### Material to process
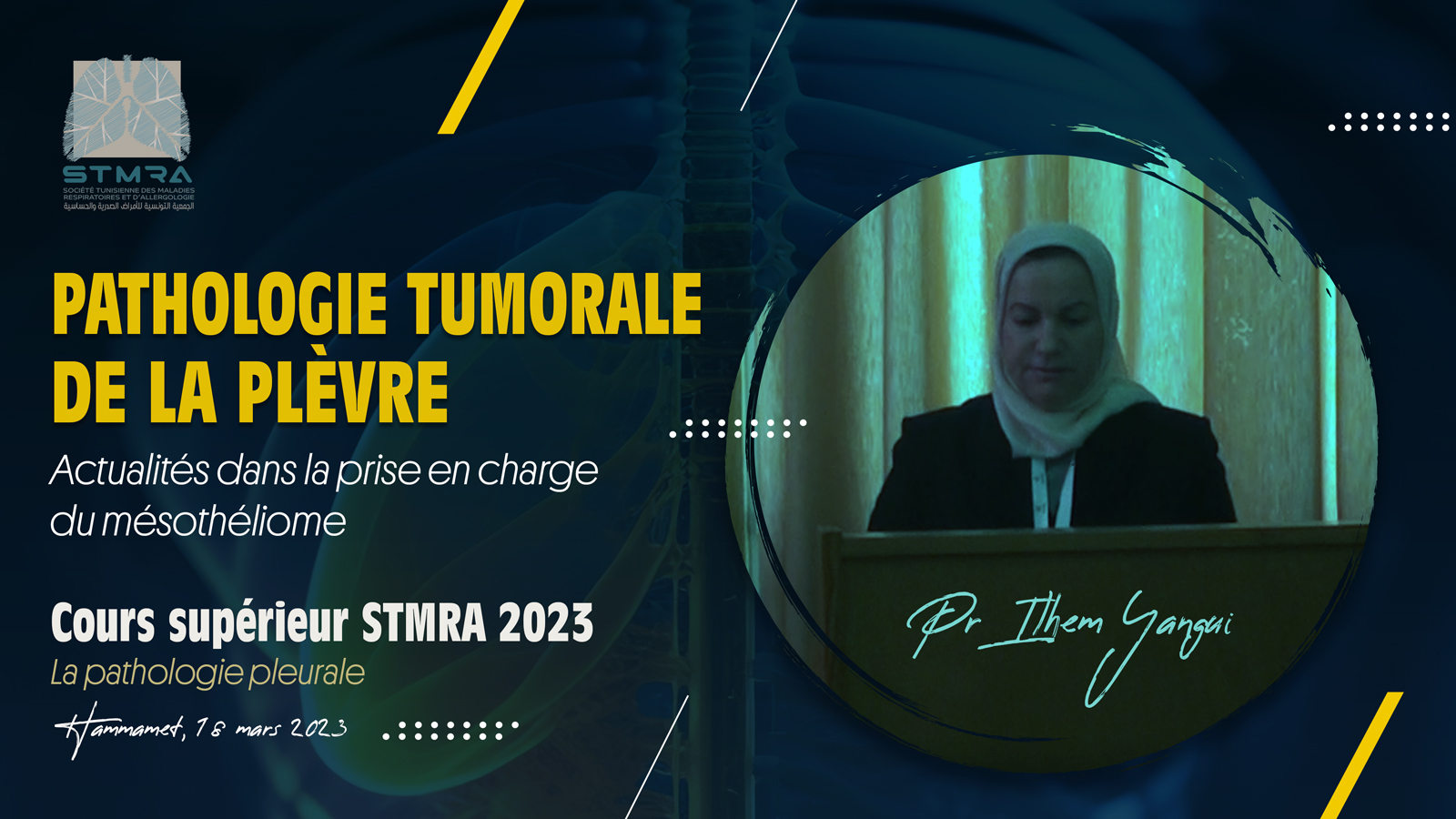 Actualités dans la prise en charge du mésothéliome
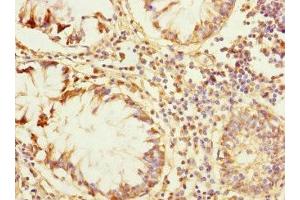 Immunohistochemistry of paraffin-embedded human colon cancer using ABIN7176726 at dilution of 1:100 (ZP2 Antikörper  (AA 651-745))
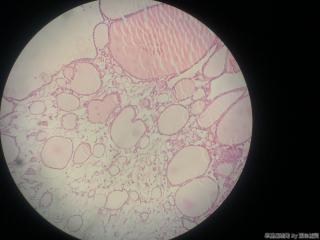 甲状腺包块图9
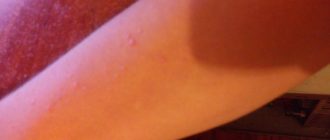 Вылез прыщ на руке, ощущение странные, никак от обычнооо прыщика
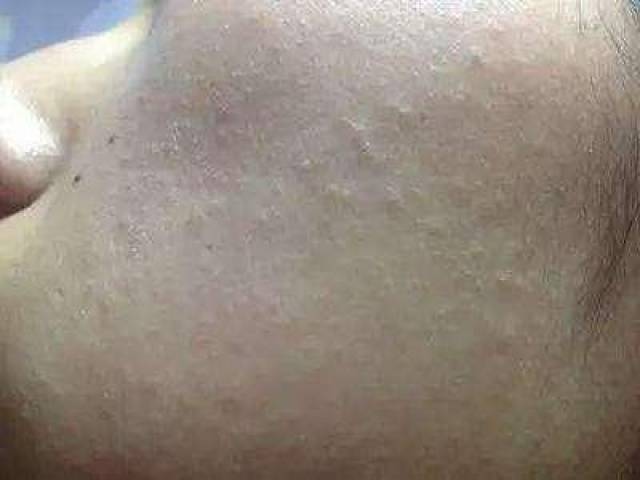 激素脸的逆光疹,很多人不了解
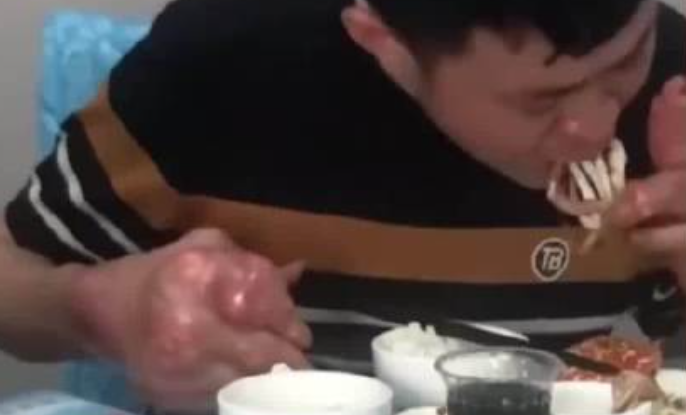 男子爱喝啤酒吃海鲜 患痛风双手变形已无法工作！-图1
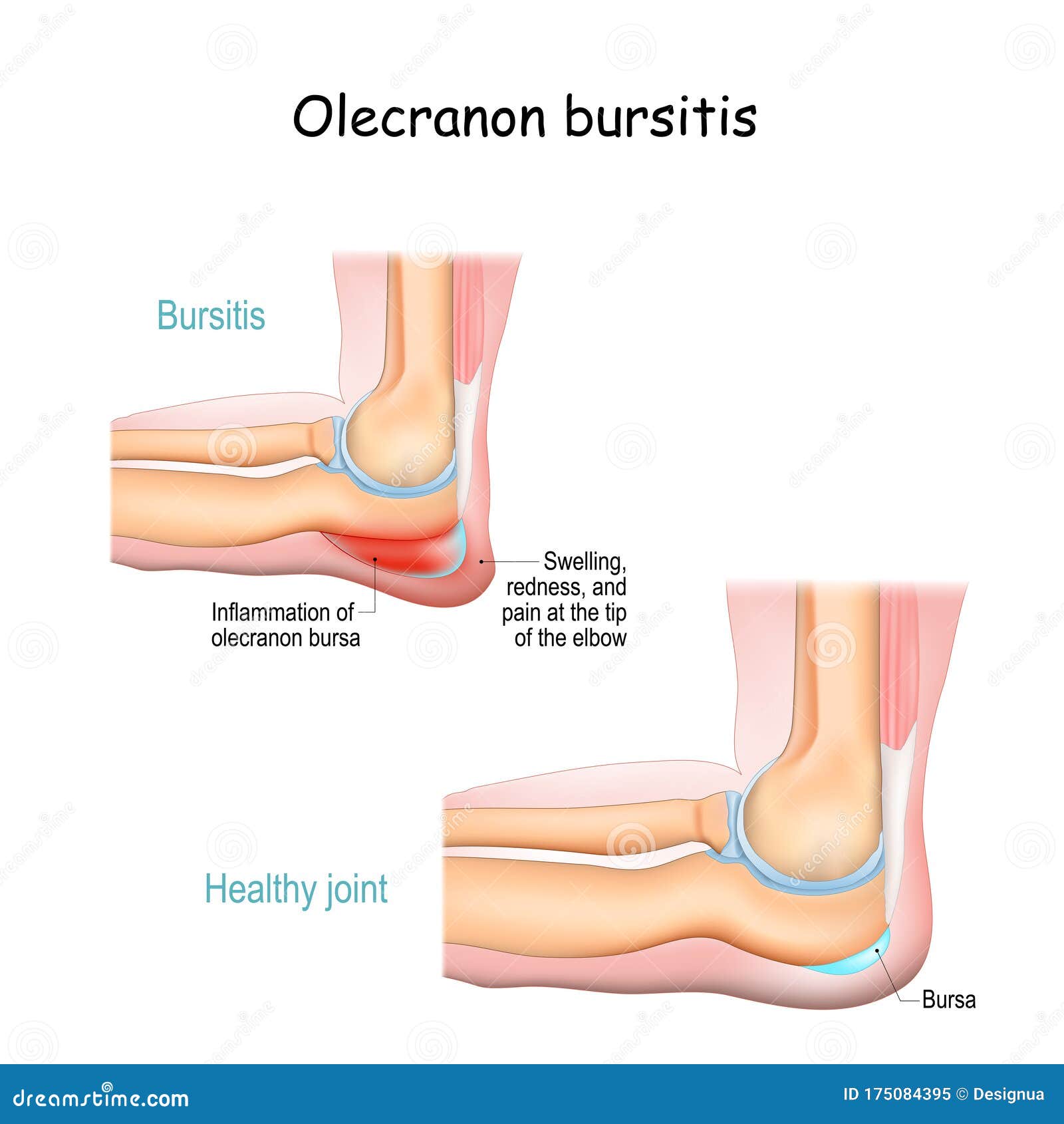 könyökízületi kezelési módszerek bursitis qigong az artrózis kezelésében
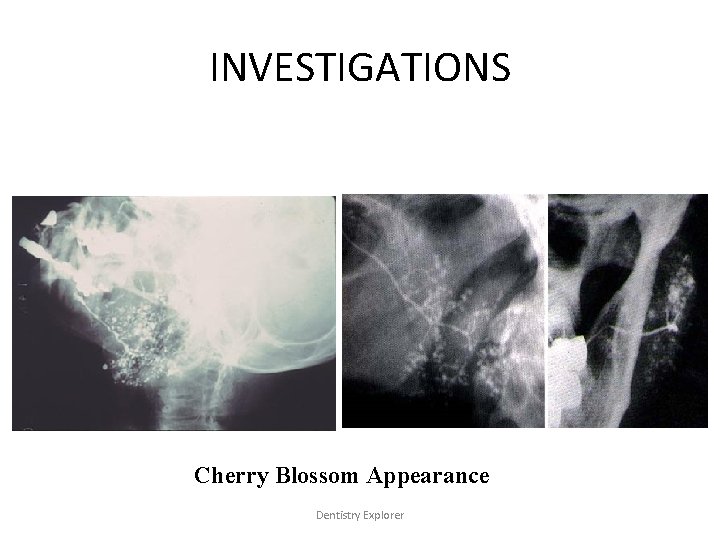 INVESTIGATIONS Cherry Blossom Appearance Dentistry Explorer 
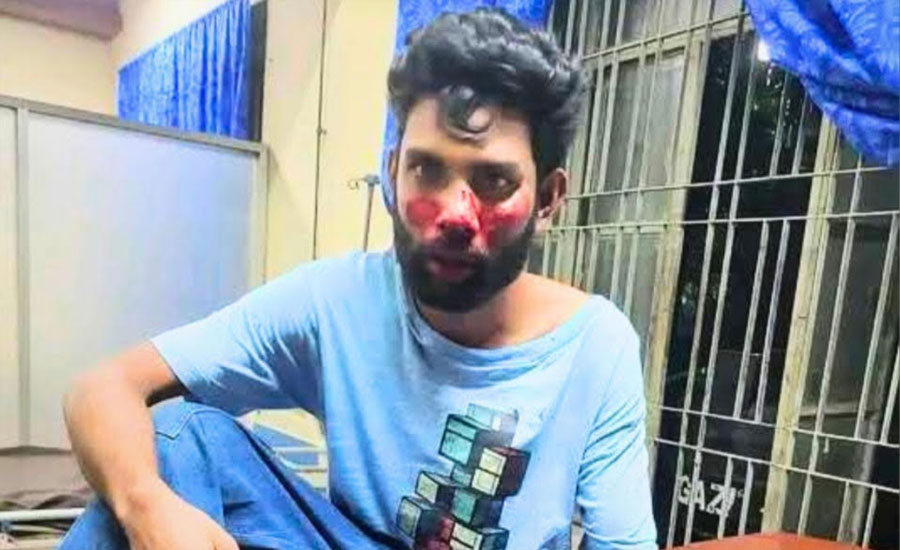 চবির নারী শিক্ষার্থীকে উত্যক্তের জেরে মারধরের ঘটনায় আহত ১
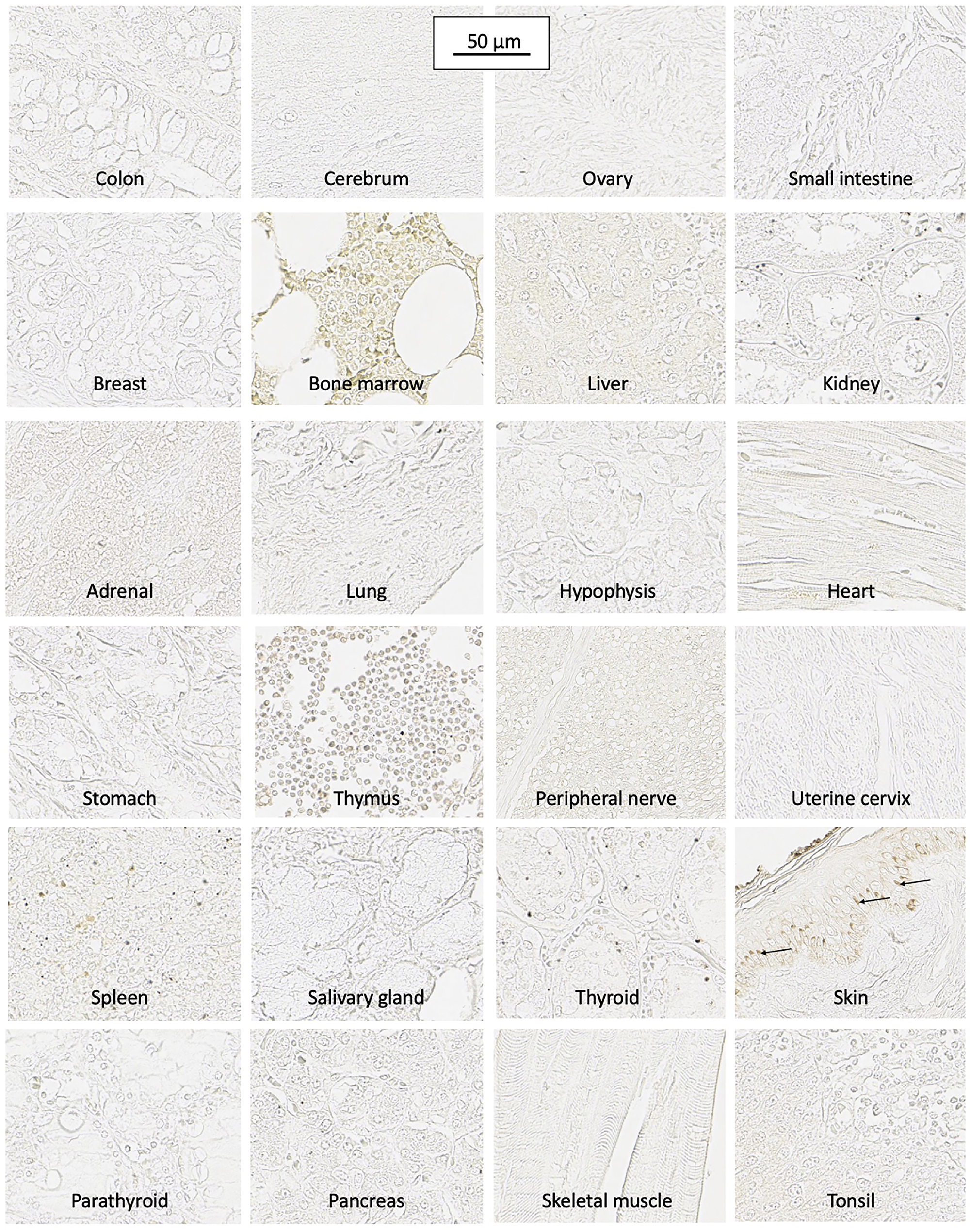 SH7129 binding to normal tissue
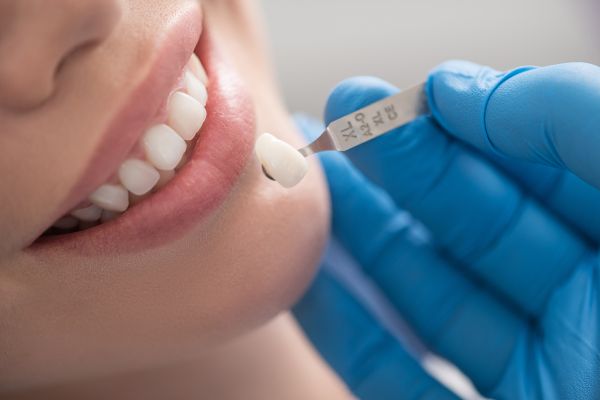 Dental Veneers: Making Your New Smile Last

### What you have to do
Everything in the data above should be set down again exactly, except the pictures.

### Answer space
 Actualités dans la prise en charge du mésothéliome
 Immunohistochemistry of paraffin-embedded human colon cancer using ABIN7176726 at dilution of 1:100 (ZP2 Antikörper  (AA 651-745))
 甲状腺包块图9
 Вылез прыщ на руке, ощущение странные, никак от обычнооо прыщика
 激素脸的逆光疹,很多人不了解
 男子爱喝啤酒吃海鲜 患痛风双手变形已无法工作！-图1
 könyökízületi kezelési módszerek bursitis qigong az artrózis kezelésében
 INVESTIGATIONS Cherry Blossom Appearance Dentistry Explorer 
 চবির নারী শিক্ষার্থীকে উত্যক্তের জেরে মারধরের ঘটনায় আহত ১
 SH7129 binding to normal tissue
 Dental Veneers: Making Your New Smile Last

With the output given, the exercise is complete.